She then took a starring role next to Nicole Kidman and Meryl Streep, in "The Hours" (2002), the story of how the novel "Mrs. Dalloway" affects three generations of women, all of whom, in one way or another, have had to deal with suicide in their lives. She earned an Oscar Award for Best Actress in a Supporting Role, and the film drew an Academy Awards for Best Picture, Best Editing, Best Music and Best Writing. In all, the film won over thirty awards and was nominated for sixty-seven. Her slump was over, and she was once again regarded as an A-list Hollywood celebrity.

After her remarkable success in dramatic roles, Moore tried her skills at romantic comedy again in "Laws of Attraction" (2004), working opposite Pierce Brosnan, where the two portrayed opposing divorce lawyers who, notwithstanding their bitter courtroom relationship, wake up to discover they have gotten married after a drunken romantic evening. Her next starring role was in the thriller "The Forgotten" (2004), cast as a woman who is told that her children never existed, and she and her husband soon discover that there's a much bigger enemy at work. She then portrayed another 1950’s housewife in “The Prize Winner of Defiance, Ohio” (2005), starring with Woody Harrelson and Laura Dern, a true-life story of Evelyn Ryan, who in order to support her ten children, enters a commercial jingle-writing contest to try and win money.
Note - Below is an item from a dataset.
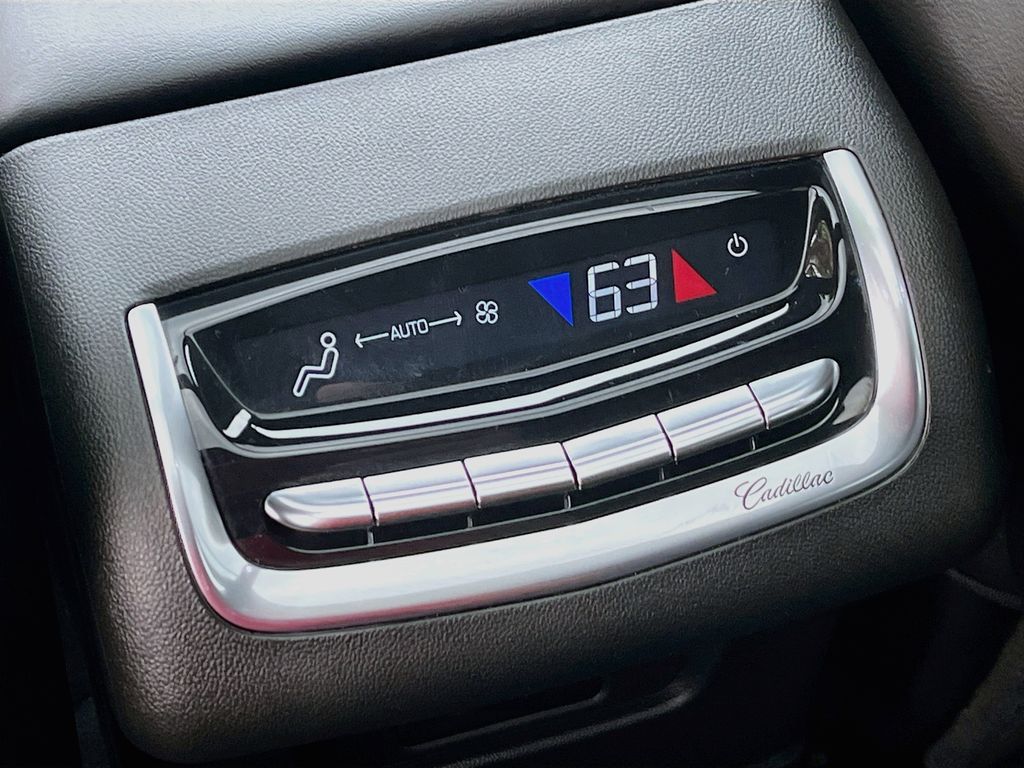Used 2025 Blue Cadillac Luxury image 26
The actress then starred opposite Samuel L. Jackson in the crime thriller "Freedomland" (2006), where a black police detective must solve a strange case of a kidnapped boy and deal with a large racial protest. She started out the following year working with Nicolas Cage and Jessica Biel in the sci-fi fantasy thriller "Next" (2007), about a Las Vegas magician who can see into the future, and is pursued by FBI agents seeking to use his abilities to prevent a nuclear terrorist attack. A starring role followed in the bizarre "Savage Grace" (2007), a adaptation of the shocking Barbara Daly Baekeland murder case that happened in a posh London apartment on Friday, November 17, 1972. The bloody and brutal crime caused an uproar on both sides of the Atlantic and remains one of the most unforgettable American Tragedies. 

A dramatic musical drama followed for the actress in "I'm Not There" (2007), starring Cate Blanchett, Christian Bale, and the late Heath Ledger, in a story that reflects on the life of Bob Dylan, where six characters embody a different aspect of the musician's life and work. Julianne was on a role, and the actress lined up no less than five movie projects for the 2009-2010 film season. 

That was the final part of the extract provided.